Sebuah Rasa

1.6K 154 6
                                    

TYPO BILANG!

_____HAPPY READING_____

Sepertinya Stevan menderita insomnia, sudah beberapa hari ini ia kesulitan tidur. Kantung matanya nampak menghitam, ia selalu begadang karena kesulitan tidur.

Hati dan pikirannya begitu gelisah, pikirannya terus berkelana jauh. Hatinya terus bertanya dan berkata-kata. Ada apa dengan rasa ini?

Stevan memandangi wajah cantik wanita berhijab di ponselnya. "Bisa-bisanya kamu bikin pikiran saya berantakan."

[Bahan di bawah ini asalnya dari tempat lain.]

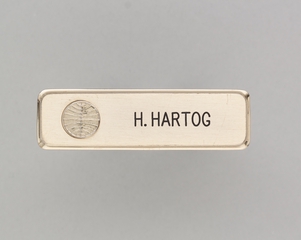 Image: name pin: Pan American World Airways, H. Hartog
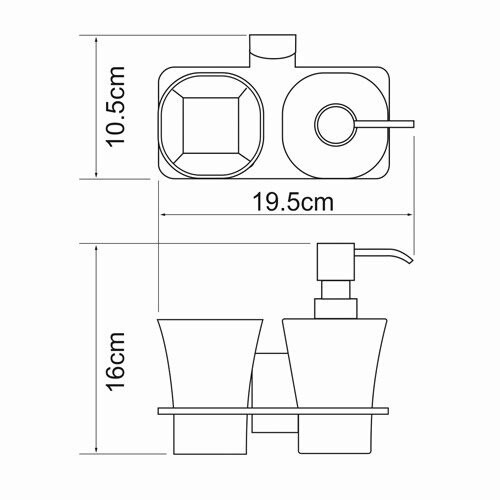 Exter K-5289 Держатель стакана и дозатора, св.бронза  во Владимире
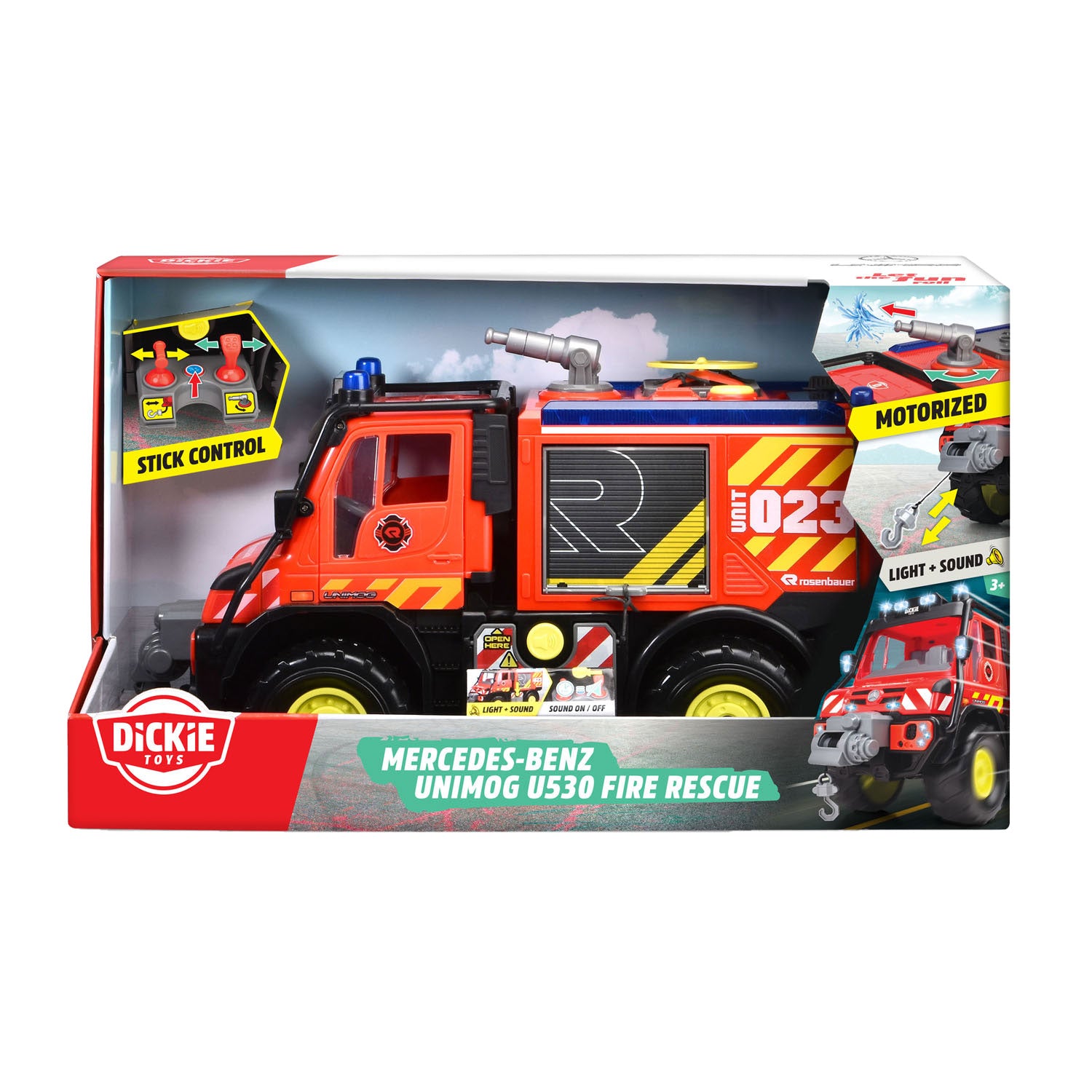 Dickie ummog u530 brandweerwagen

Perempuan dengan inisial H itu sudah bersarang di pikirannya, Stevan yang bernotabene jarang menampilkan senyumnya. Lelaki itu seperti disihir saat memikirkan wanita itu, ia kerap menyunggingkan senyumnya meski sangat tipis hampir tidak terlihat.

Dari sekian banyak mahasiswi yang mendekatinya, hanya gadis berhijab itu yang berbeda, ia selalu membuatnya naik darah dan berakhir membuat jantungnya berdetak abnormal. Stevan memikirkan sosok itu tanpa henti, entah sejak kapan Stevan menyukai tingkah dan segalanya dari gadis itu.

Ia tau perasaan ini salah, tapi mengapa tuhan menghadirkan rasa ini? Ia juga tak ingin terlibat dalam cinta yang salah ini. 

Meski dibantu oleh dua Tuhan, mereka tidak akan bisa bersama. Kecuali di antara mereka ada yang rela meninggalkan tuhannya. Ia pun tidak yakin jika perasaannya ini akan terbalaskan, kemungkinan besar perasaannya hanya akan bertepuk sebelah tangan.

"Tuhan, mengapa kau mengirim gadis itu?"

****

"Ini kenapa kamar kamu berantakan kayak gini?" tanya wanita yang telah melahirkannya sambil berkacak pinggang melihat kamar yang selalu tertata tapi terlihat berantakan.

"Gak tau, mi."

"Cepat beresin, nggak biasanya kamu kayak gini."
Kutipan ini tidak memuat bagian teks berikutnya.